» **MATERIAL PROVIDED**
******************************

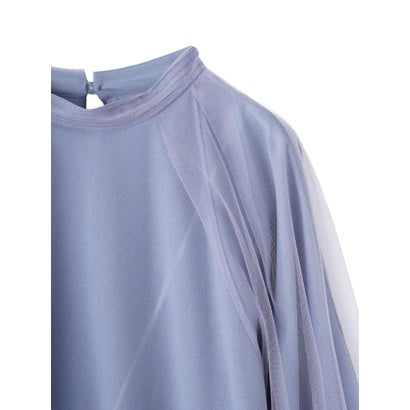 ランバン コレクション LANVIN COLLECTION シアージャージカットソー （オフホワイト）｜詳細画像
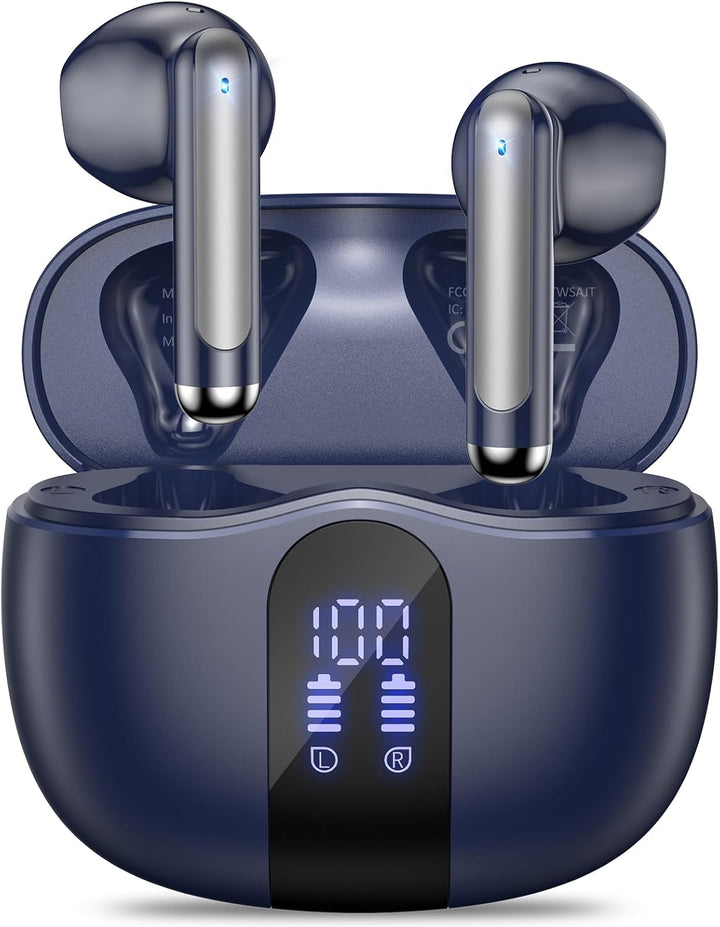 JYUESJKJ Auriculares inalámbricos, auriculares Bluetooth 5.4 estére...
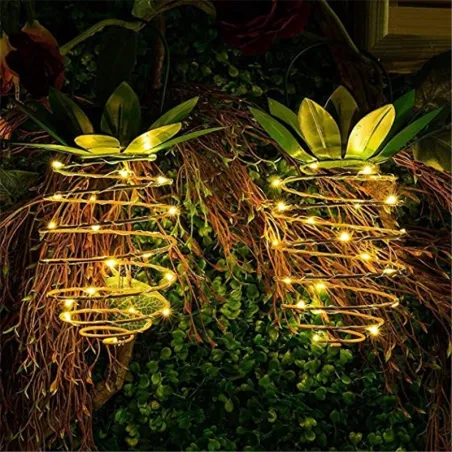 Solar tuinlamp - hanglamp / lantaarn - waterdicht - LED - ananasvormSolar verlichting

******************************

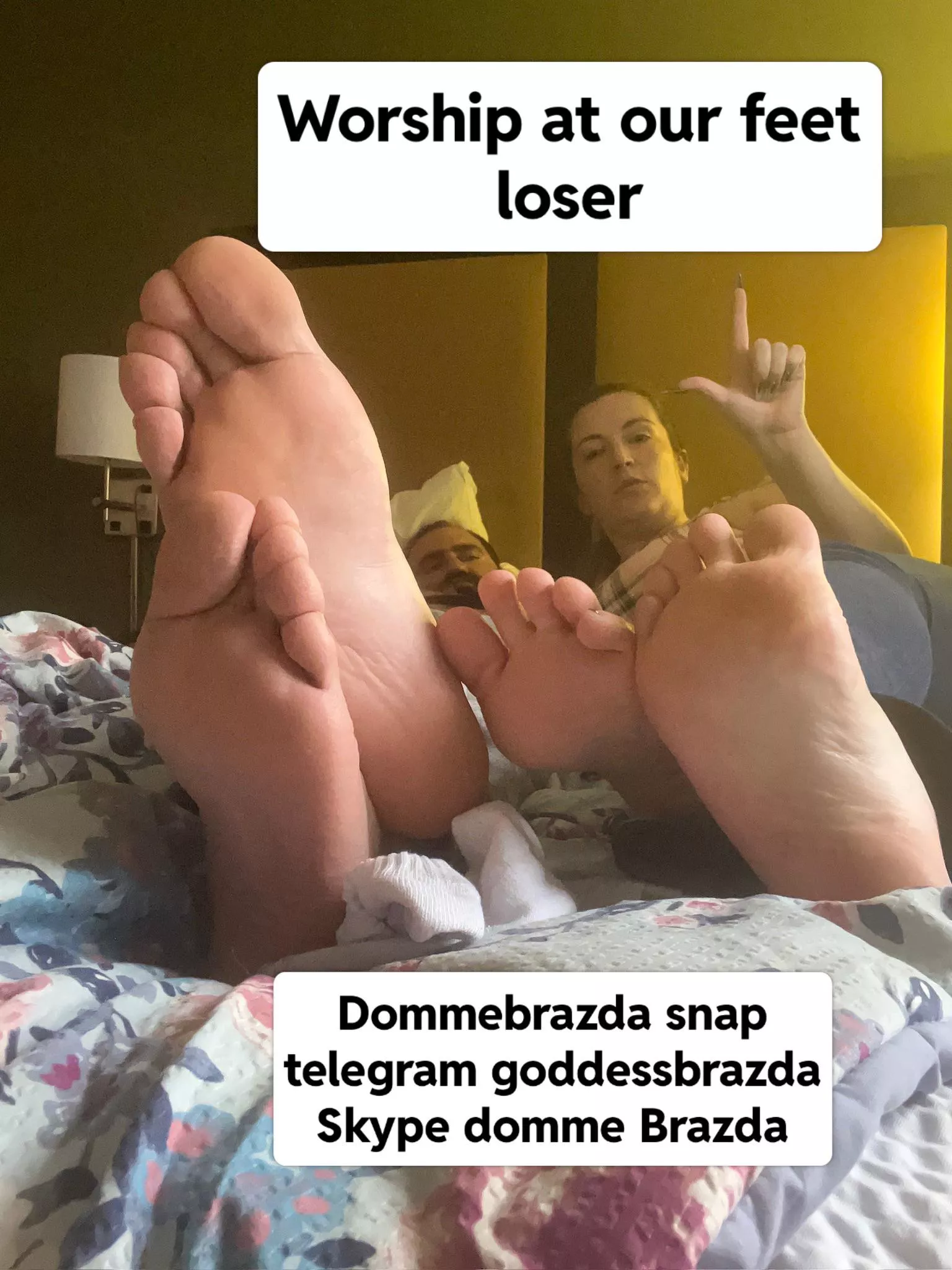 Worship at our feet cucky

******************************

» **WORK ITEM**
The answer is the lines of the material above, from the one containing "ランバン コレクション LANVIN" down to the one containing "Solar tuinlamp - hanglamp", given exactly and without images.

» **OUTPUT FOR THIS TASK**
 ランバン コレクション LANVIN COLLECTION シアージャージカットソー （オフホワイト）｜詳細画像
 JYUESJKJ Auriculares inalámbricos, auriculares Bluetooth 5.4 estére...
 Solar tuinlamp - hanglamp / lantaarn - waterdicht - LED - ananasvormSolar verlichting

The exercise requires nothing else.